Далее, Кант утверждает, что пространство и время суть формы чувственного созерцания, то есть они являются условиями существования вещей как явлений. Однако у нас сохраняется возможность если и не познавать (апперцепция), то мыслить предметы как вещи сами по себе (Ding an sich), потому что мыслить можно все что угодно, лишь бы не возникало логических противоречий в процессе апперцепции.
Суть аналитического метода по Канту такова. Как уже было сказано, вещь (объект исследования) нужно рассматривать с двух точек зрения: 1) как предмет опыта (Erfahrung) – исследуемая часть явления; 2) как вещь в себе (Ding an sich), или безусловное – принципиально не исследуемая часть явления. Без аналитического разделения вещи на эти два состояния закон причинности (как механизм природы) должен был бы распространиться на все вещи вообще как на действующие причины. Нельзя было бы без противоречия сказать об одной и той же сущности, что ее воля (или душа) одновременно свободна и подчинена естественной природной необходимости (несвободна). Этот парадокс устраняется только вышеуказанным разделением. Причем одно и то же явление принадлежит одновременно не только к эмпирическому множеству, а дополнительно еще и к сверхэмпирическому множеству. (Но не к сверхъестественному! – на что многократно указывал философ.) Любая вещь должна быть рассмотрена с двух сторон.
Закон причин и следствий определяет вещи в значении явления, или в значении предмета опыта. Вещи в себе не подчиняются этому закону. Поэтому, к примеру, человеческую волю (или душу) возможно осмыслить логически непротиворечиво как свободную и как несвободную одновременно.

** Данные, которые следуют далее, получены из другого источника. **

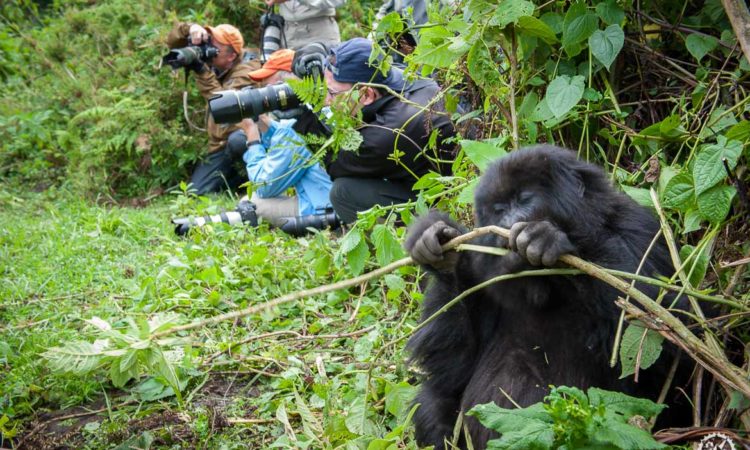 FACTS ABOUT MOUNTAIN GORILLAS.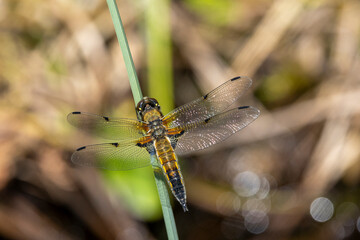 Vierfleck (Libellula quadrimaculata)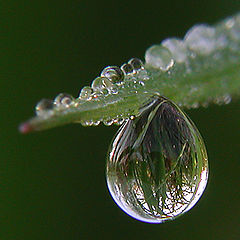 photo "Drop"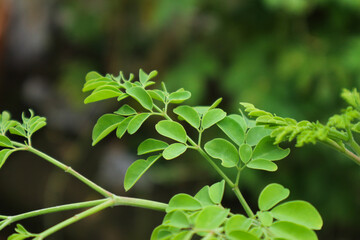 Vibrant Green Moringa Leaves Close-Up: A Botanical Delight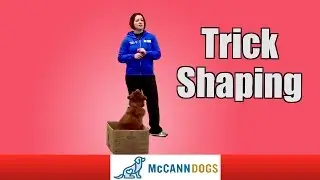 Shaping Dog Tricks
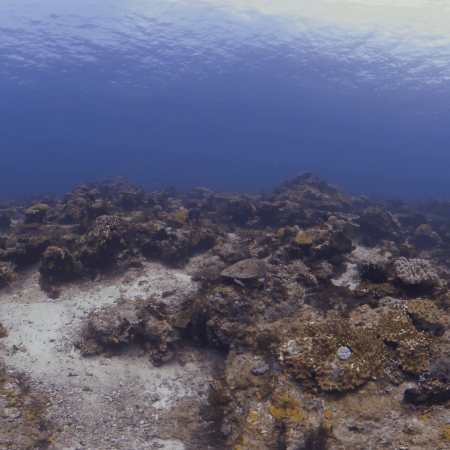 vid 20250903 105632 20251031094519 1.png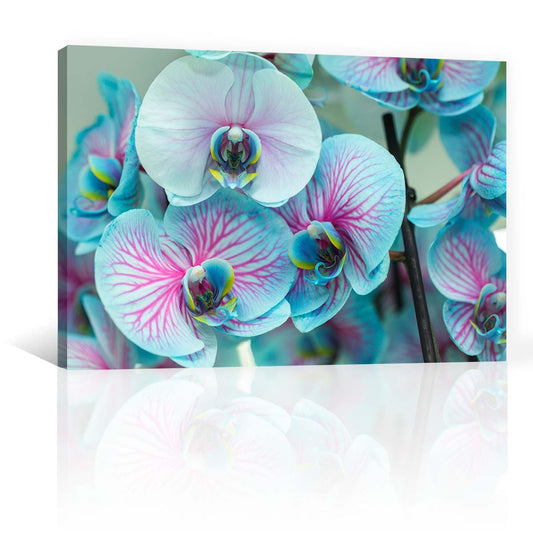 Orquídeas Azules claro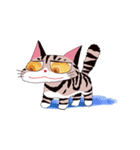 pipi cat（個別スタンプ：8）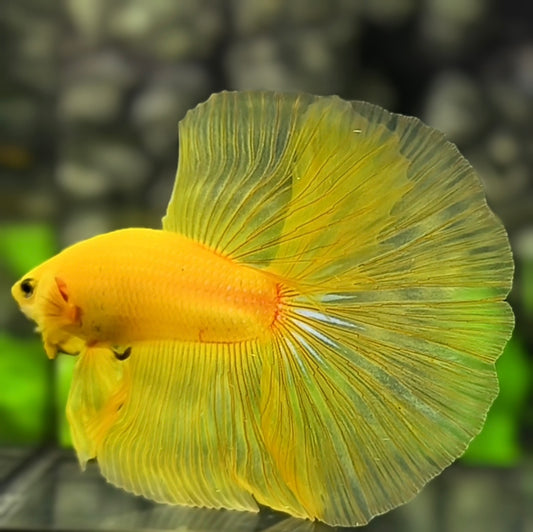 Solid Yellow Banana Halfmoon Betta Fish Male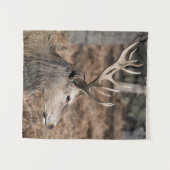 英国ロンドンのリッチモンド公園のキングズディアー タペストリー (正面(横))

Человеческое существо как вещь в себе нельзя познать рассудочно, спекулятивным разумом, а тем более эмпирическим наблюдением – его возможно только осмыслить.
Все, что мы можем a priori (теоретически) и a posteriori (практически) познать ограничивается лишь бесконечным (открытым) множеством наблюдаемых явлений. Из этого следует невозможность практического расширения чистого разума. Приходится ограничивать наше знание, чтобы освободить место вере, т.к. знание и вера – вещи, принципиально принадлежащие к различным, непересекающимся множествам. В этом, по мысли Канта, состоит культура разума и верный путь для науки.
Таким образом применяя диалектику чистого разума, мы сможем устранить заблуждения и противоречия.
Свою критику Кант противопоставляет не догматическому методу разума (т.к. наука в своих доказательствах обязана быть догматической), а догматизму как явлению, т.е. претензии двигаться вперед, благодаря одному только познанию из понятий. Необходима основательность догматического метода, чтобы философия не превратилась бы в игру.
Еще Кант опасается быть непонятым, т.к. « не ощущает в себе дара ясного изложения». Он уповает на «защиту своего учения от почтенных лиц, усвоивших его». Кант говорит, что философское сочинение не может быть защищено и выступать в броне, как тому подобает быть в математическом или логическом сочинении. Трактат Канта написан в форме эссе, т.е. в свободной форме, а «во всяком сочинении, что ведется в свободной форме, можно вскрыть мнимые противоречия». Однако «их легко устранить тому, кто уловил идею в целом».
«Если теория обладает внутренней прочностью, то действия и противодействия, угрожающие ей вначале большой опасностью, служат с течением времени лишь к тому, чтобы отшлифовать ее неровности и сообщить изящество, если ею займутся люди беспристрастные, умные и способные действительно просто излагать свои мысли».